* WORK REQUEST: Copy exactly the lines of the records below, and only those lines, beginning with the line that contains "2000 Kawasaki Mojave" and ending with the line that contains "Caderno Clássico Vermelho".

* MATERIAL FOR THE TASK:

========================================================================

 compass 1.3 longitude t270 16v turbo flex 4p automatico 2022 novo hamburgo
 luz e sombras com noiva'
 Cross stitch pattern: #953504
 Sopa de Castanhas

========================================================================

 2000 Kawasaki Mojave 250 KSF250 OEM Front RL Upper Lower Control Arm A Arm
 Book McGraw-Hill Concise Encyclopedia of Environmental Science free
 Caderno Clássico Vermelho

========================================================================

* REPLY:
 2000 Kawasaki Mojave 250 KSF250 OEM Front RL Upper Lower Control Arm A Arm
 Book McGraw-Hill Concise Encyclopedia of Environmental Science free
 Caderno Clássico Vermelho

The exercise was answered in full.